Filmleriyle gönlümüze taht kurmuş Çağan Irmak’ın Doğan Kitap tarafından yayınlanan ilk romanı Ayrılış, Eylül ayında okuruyla buluştu. Kitabının da gönlümüze taht kurması şaşırtıcı değil. Çağan Irmak bizi çok iyi anlıyor. Bu coğrafyayı, insanı, açmazlarımızı, iyiliğimizi, kötülüğümüzü, sevgimizi, nefretimizi müthiş bir empatiyle nasıl sinemaya aktarıyorsa kelimelere ve cümlelere de öyle aktarmış diyebilirim.
Ayrılış incecik bir roman, 117 sayfa.
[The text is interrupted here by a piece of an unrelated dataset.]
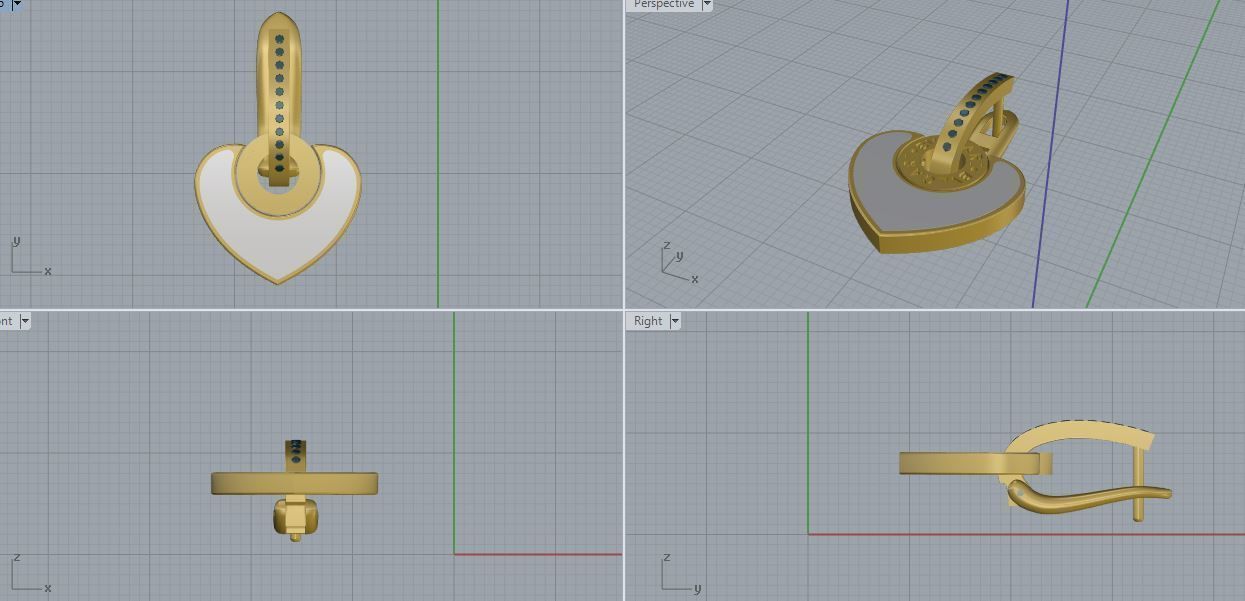 Bvlgari Ring and Earrings 3D print model_10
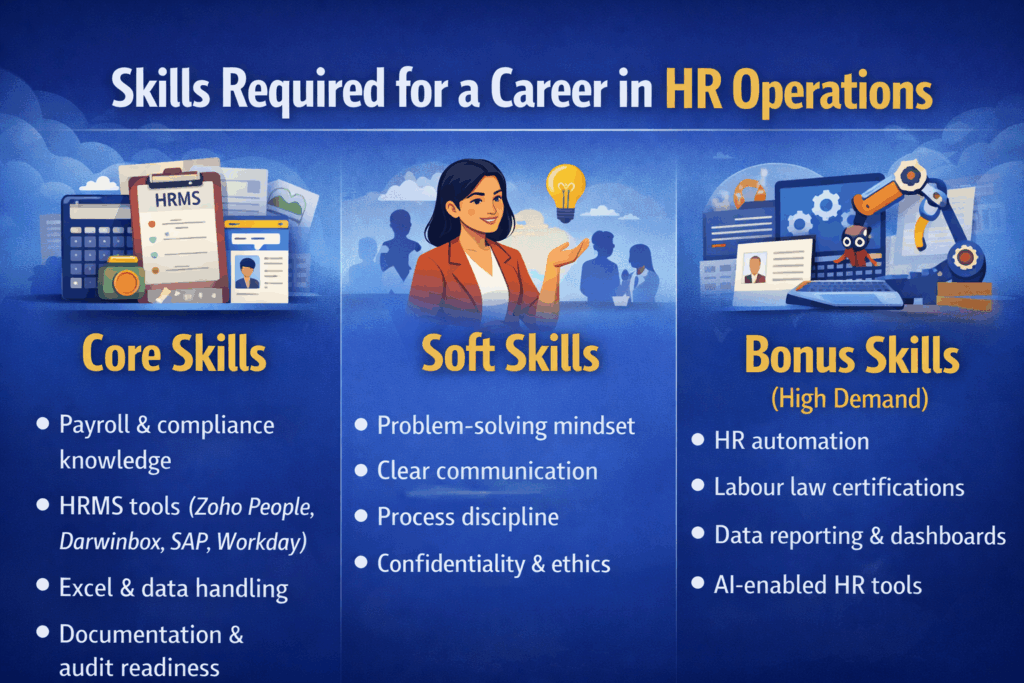 skills required for a career in HR operations, including payroll and compliance knowledge, HRMS tools, communication skills, HR automation, and data reporting skills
Ancak içinden taşan hikâyeler çok yoğun. Bu yazıyı okuyup romanı henüz okumayanları düşünerek, romanın büyüsünü bozmamak adına, ana hikâyenin kilit noktalarından söz etmemeye çalışacağım.
Sıra dışı ve çok nadir rastlanan bir sakatlıkla doğan ikizler Batuhan ve Baturgan’ın hikâyesini okuyoruz Ayrılış‘ta. Romanda geçen her isim, her sözcük özenle seçilmiş. Batuhan, üstün gelen ve gücü yeten kişi, galip gelen kazanan hükümdar, anlamına geliyor. Baturgan ise saklayan, saklanan, yumuşak gibi anlamlara karşılık geliyor. İkizlerin karakterleri de adlarıyla uyumlu. Batuhan iktidar sahibi, hükmeden, dediğim dedik, sert bir karakter. Baturgan ise onun tam zıttı, yumuşak ve içe dönük karakteri nedeniyle hükmedilen. Roman Batuhan ve Baturgan’ın hikâyelerine eklemlenen birçok mesele ile ilerliyor. Roman bu nedenle yoğun.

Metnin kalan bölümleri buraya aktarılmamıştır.